Net loss. As a result of the
factors described above, the net loss for the nine months ended December 31,
2009 decreased by $6,160,479 to $5,085,376 or $1.10 per share
compared to $11,245,855 or $2.73 per share for the nine months ended December
31, 2008. Loss from operations for the nine months ended December 31,
2009 increased $372,878 to $2,883,736 compared to $2,510,858 for the nine months
ended December 31, 2008.
Liquidity
and Capital Resources
As of
December 31, 2009, the Company had cash and cash equivalents of $647,308 and
negative working capital of $19,197,473. The Company’s working
capital deficit at December 31, 2009 included $13,740,633 of derivative
liabilities, the balance of which represented the fair value of warrants and
embedded conversion features related to the Company’s convertible debentures and
were reclassed from equity during the nine months ended December 31,
2009. As of March 31, 2009, the Company had cash and cash equivalents
of $249,758 and negative working capital of $3,693,015.
Net cash
used in operating activities was $1,941,693 for the nine months ended December
31, 2009, compared to net cash used in operating activities of $2,042,462 for
the nine months ended December 31, 2008. Net loss for the nine months
ended December 31, 2009 of $5,085,376 included a non-cash gain of $3,106,802 due
to the change in valuation of our derivative liabilities and non-cash expenses
of $5,713,914 due primarily to discount amortization related to our convertible
debt instruments.
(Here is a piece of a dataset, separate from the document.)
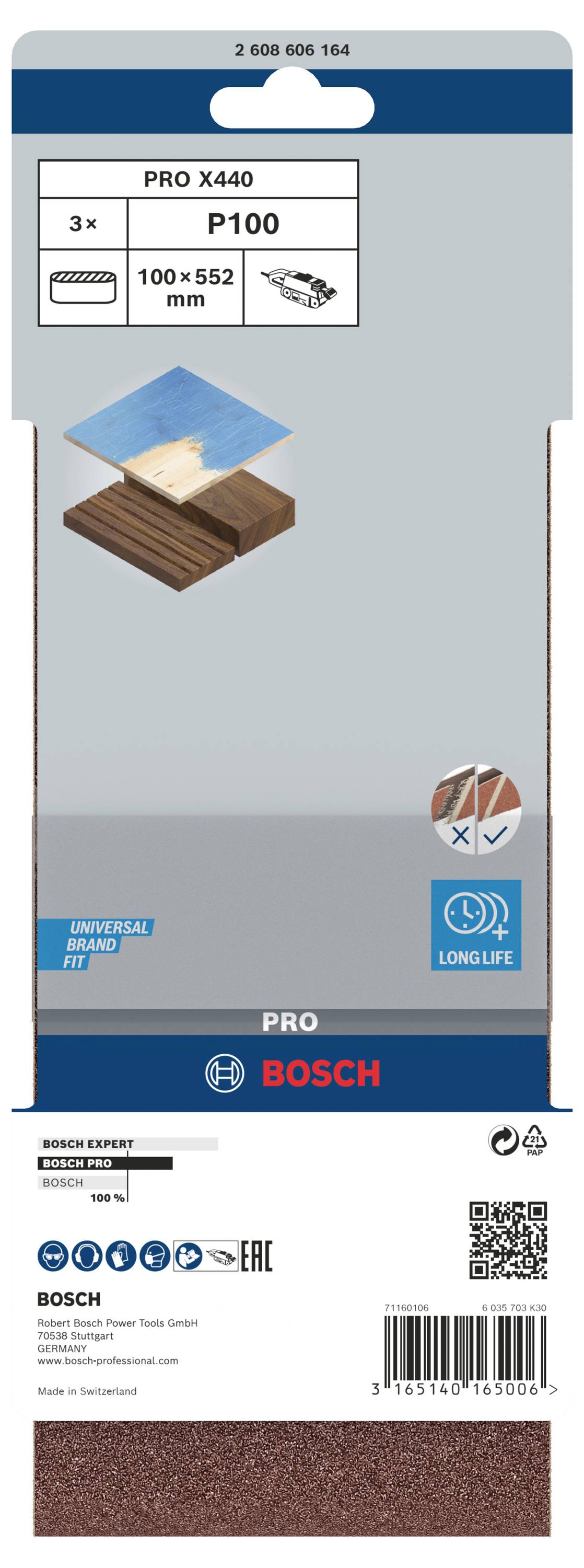 Lot de papier abrasif 'Bosch Pro X440', grain P100, 100 x 552 mm, 3 pièces. Adapté pour les travaux sur bois, emballé dans un conditionnement bleu.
Offsetting the cash impact of our net operating
loss (excluding non-cash items) was an increase in accrued interest payable of
$324,151 primarily due to our Private Placement Debentures and an increase
in accounts payable of $121,003 due primarily to increased general and
administrative expenses. Net cash used in operating activities of
$2,042,462 for the nine months ended December 31, 2008 reflected a net operating
loss of $11,245,855, which included a non-cash loss on extinguishment of debt of
$6,811,214 and non-cash expenses of $2,327,125 due primarily to discount
amortization related to our convertible debt instruments. In addition
to our net operating loss and related cash impact, inventories increased by
$411,252 and were offset by the positive cash impact of an increase in accrued
interest payable related to our May 2008 debenture.
Net cash
used in investing activities for the nine months ended December 31, 2009 was
$30,255 compared to net cash provided by investing activities of $884 for the
comparable period in 2008. Net cash used in investing activities for
the nine months ended December 31, 2009 primarily reflected payment of trademark
costs. Net cash provided by investing activities for the nine months
ended December 31, 2008 was due to reduction in restricted cash offset by fixed
asset and intangible purchases.
Net cash
provided by financing activities for the nine months ended December 31, 2009 was
2,369,498 and was primarily related to gross proceeds from our Private Placement
Debentures of $1,321,500 and gross proceeds from exercise of options and
warrants of $1,437,100, which were partially offset by payment of deferred
financing costs and payments on our related party notes payable. Net
cash provided by financing activities of $586,713 for the nine months ended
December 31, 2008 reflected gross proceeds from our May 2008 Debentures of
$1,062,500, which were partially offset by payments for financing costs,
repayments on convertible and related party notes payable.
As
discussed in Note 2 of the accompanying unaudited consolidated financial
statements, there exists substantial doubt regarding the Company’s ability to
continue as a going concern. The Company will need to raise
additional capital through one or more methods, including but not limited to,
issuing additional equity, in order to fund our working capital needs and
complete the commercial launch of our CryoPort Express® System. In
this regard on October 6, 2009 the Company filed with the Securities and
Exchange Commission a Registration Statement on Form S-1 (File No. 333-162350)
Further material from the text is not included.